Elizabethan Words in English
Therefore, you will see many sentences with repeated words to give emphasis. A few words that were most commonly used are the following.
Adieu: farewell, An, And: if, Anon: soon, attend: listen to, Aye: yes, but soft: wait a minute. But: only, except for, counsel: advice, decree: order, discourses: speaks, dispatch: kill, doth: does, e’en: even, e’er: ever, foe: enemy, haply: perhaps, happy: fortunate, heavy: sad, suppressed, hence: away from here, hie: go: go, hurry, hither: here, mark: pay attention to marry: indeed, methinks: I think, nay: no, nought: nothing, plague: curse, pray: beg, privy: allowed, resolve: plan, sir rah: used to address people of a rant, thee, thou: you, thither: there, thou art: you are, thy: your, tidings: news, whence: where, wherefore: why, will: sesire, wilt: will, will you, withal: in addition, woe: misery, woo: chase, as in a boy/girl chase, would: wish.

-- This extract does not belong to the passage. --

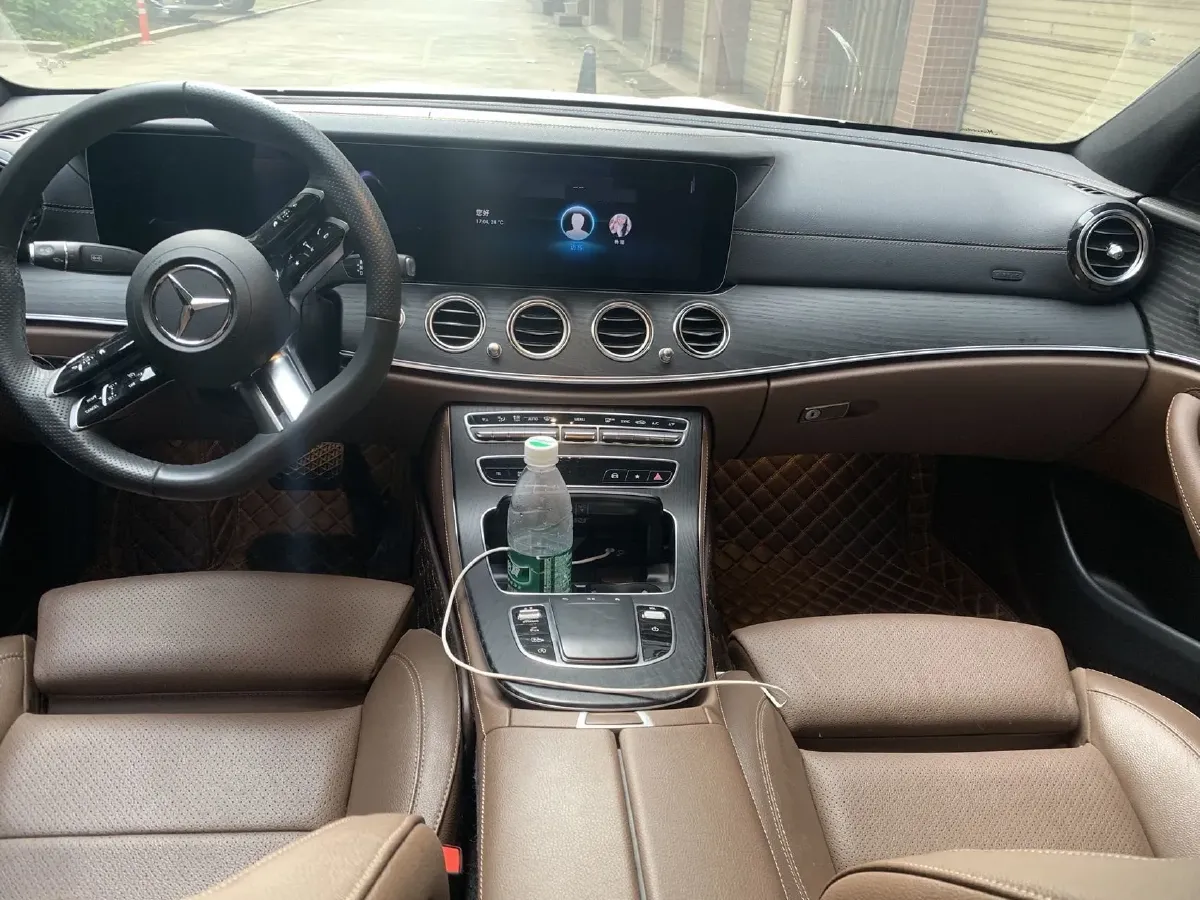 2023 Mercedes-Benz E Class 2.0T 197HP L4 9AT,autocango,china used car exporter,china ev exporter,chinese used car exporter,chinese used ev exporter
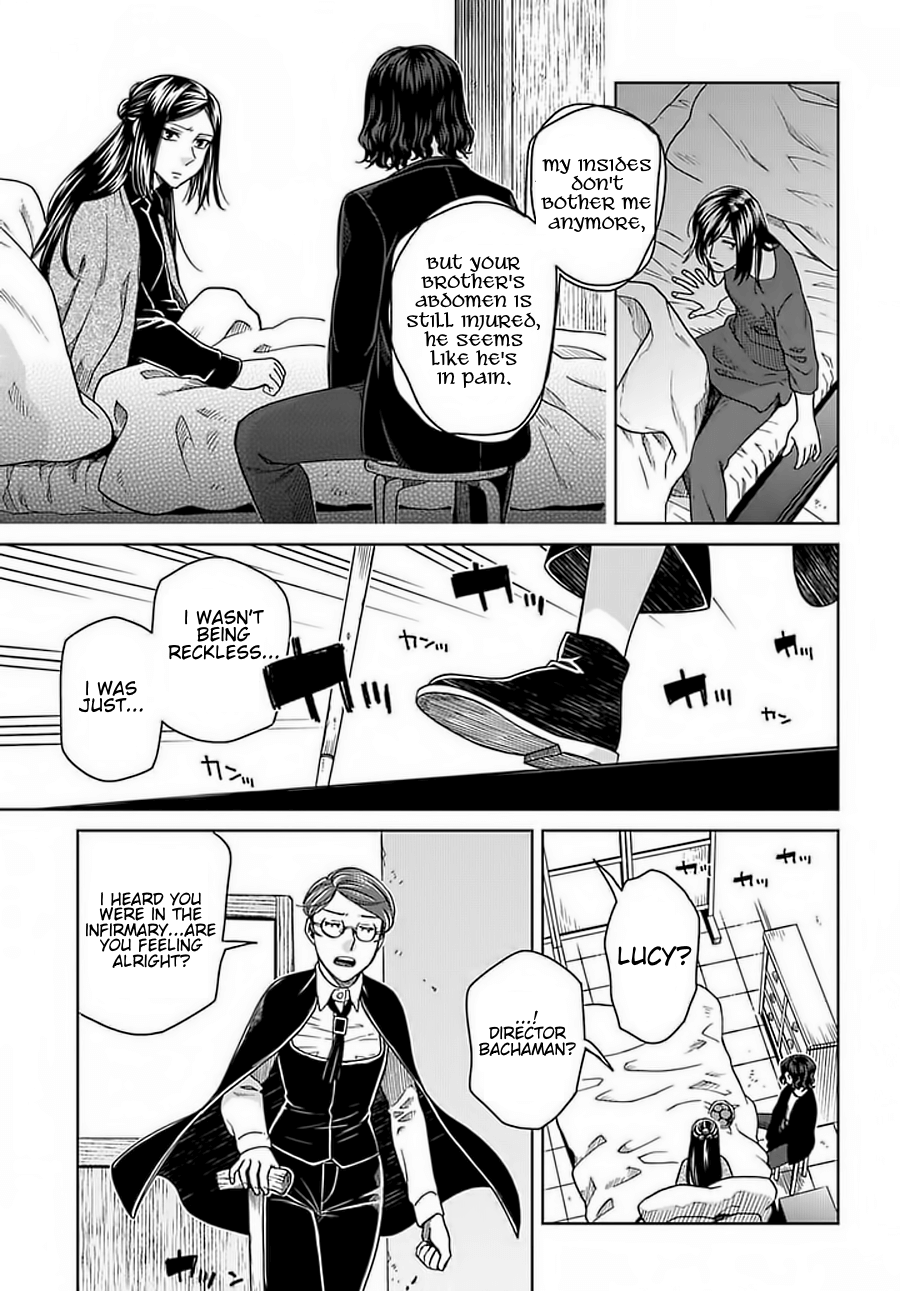 Mahou Tsukai No Yome Chapter 68 page 9 -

What are some common words and phrases in Elizabethan English?
Some commonly used Elizabethan words and phrases were: “Hoe dost thou?” meaning, How are you?
“Funk” meaning the smell of tobacco.
“Kickie-wickie”, which was a loving term for a wife.
“By my troth” meaning “I swear it’s the truth”.
Some interesting Elizabethan insults were:
- Lubberwort – lazy and stupid
- Gandermooner – a man who flirts with other women while his wife undergoes childbirth.
- Quatch – fat and pudgy
- canker-blossomed countenance – ugly
Shakespeare was an expert in using insults effectively in his plays. He even invented new insults and swear words to use them in his plays. Some of the classic Shakespearean insults are:
- Pox (Tempest)
- Lily-livered (Macbeth)
- “Away, you three-inch fool” (The Taming of the Shrew)
- “Come, come, you froward and unable worms!” (The Taming of the Shrew)
- “His wit’s as thick as a Tewkesbury mustard.” (Henry IV)
Spelling in Elizabethan Times
In the sixteenth century spelling and pronunciation of words were still being developed and the emergence of the new printing machines contributed to it. The great vowel shift had happened in accordance with Latin pronunciations and slowly Middle English was being fixed by the scholars and writers.
At this point, certain vowels that seemed different came to appear identical. It resulted in a further distinction of spelling.
How do you say “goodbye” in Elizabethan English?
In Elizabethan English “hello” and “goodbye” were said in a similar manner. Expressions such as “good morrow”, “God ye good the”, “Fare ye well” were used to say goodbye.
How do you say “hello” in Elizabethan English?
Expressions such as “Good morrow”, “Heigh-ho!” were used to say hello in Elizabethan times.
Shakespeare Words and Phrases
Shakespeare is a classic example of how the English language was since Elizabethan times. Throughout most of the literature he produced, you will find that he used the word “most” instead of the word “very”. So for example, if I were to say, “He is very high.” Shakespeare would have written, “He is most high”. This is confusing but just a slight change in the way the words were used.
As mentioned above, we can observe that several repeated words are there to give emphasis. Such as in Hamlet you will see sayings such as, “Excellent, Excellent well”. While this is confusing, this is also how they would speak to one another. It has a very distinguished sound to it that even those who speak English may find difficult to understand by today’s standards.
What are the 5 words Shakespeare invented?
Shakespeare contributed more words to English vocabulary than any other writer. He alone used over 2700 words in the English language. Five words invented by him are: bandits, critic, dwindle, elbow and lonely.
A classic example of how the Elizabethans likely talked can be seen in the King James Version of the Holy Bible. The number of words used in the Elizabethan Language was constantly developing during Elizabethan times – their vocabulary was expanding. The average number of words used in a ‘commoners’ vocabulary during Elizabethan times was less than 500, compared with at least 7,500 words that are used in modern-day English.
Elizabethan writers and playwrights invented new words. William Shakespeare invented many of the words that he used in his plays. Shakespeare is credited with contributing more new words to the English language than any other single person – approximately 2,000.